Donovan, an entrepreneur and founder of the Bali-based Wooden Ships clothing company, wants to go a step further through his newly formed nonprofit, the Denver Basic Income Project.
In a fairly unique move, Donovan wants to give a $6,500 one-time payment to people experiencing homelessness, followed by monthly payments of $500 for a year.
He has the blessing of Denver Mayor Michael Hancock, though a spokesman for the mayor said the project won’t receive any city funding.
“The Denver Basic Income Project is an opportunity to explore how the philanthropic community and the private sector can augment public support for those living in poverty, particularly our unhoused neighbors, and extend that hand up to stability,” Hancock said Thursday in a news release about the project’s launch.
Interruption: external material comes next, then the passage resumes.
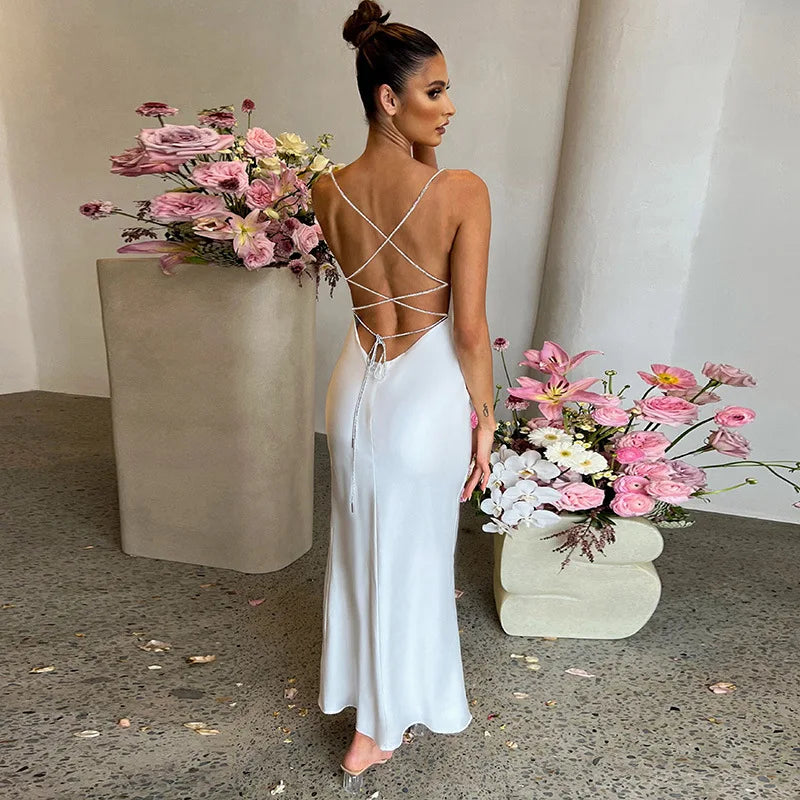 2026 Summer European and American Cross border Sexy Dress Solid Color Slim Show Backpack Hip Dress Split Party Strap Dress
The project is looking for large and small donations with the hope of raising a total of about $6 million, said Donovan, who put in $500,000 of his own money. The payments could begin in July, he said, and maybe more in September.
“All indications so far are that when you provide a basic income floor accompanied with some trust, respect and some kindness, that the majority of people that get this will use it to improve their situation,” Donovan said.
Cities like Vancouver and Stockton, Calif., have tried similar programs, Donovan said. The New Leaf program in Vancouver gave money to people experiencing homelessness while Stockton’s program offered money to people in low-income neighborhoods.
Both helped people pay off credit cards, buy groceries and move into more stable housing, and the Vancouver project showed that spending on “temptation goods” like drugs and alcohol dropped 39%, according to The Atlantic and Business Insider.
Those findings fly in the face of the all-too-common misconception that handouts will only lead to bad behavior among people who have already made poor life choices, Donovan said. And a basic income could make substantial headway in helping Denver’s homeless population off the streets, likely at a lower cost than the city already spends on existing services.
“A little bit of financial stability makes all the difference,” he said.
But Jon Caldara, president of Denver’s conservative Independence Institute, called the program a moral hazard and asked what message “paying for people not working” would send to Denver’s other residents.
“What you subsidize, you get more of,” Caldara said.
If the nonprofit can raise the money, Donovan said he wants to hand out money to two groups of 260 people each and give $50 a month to a control group of 300 people for the same period of time to compare results.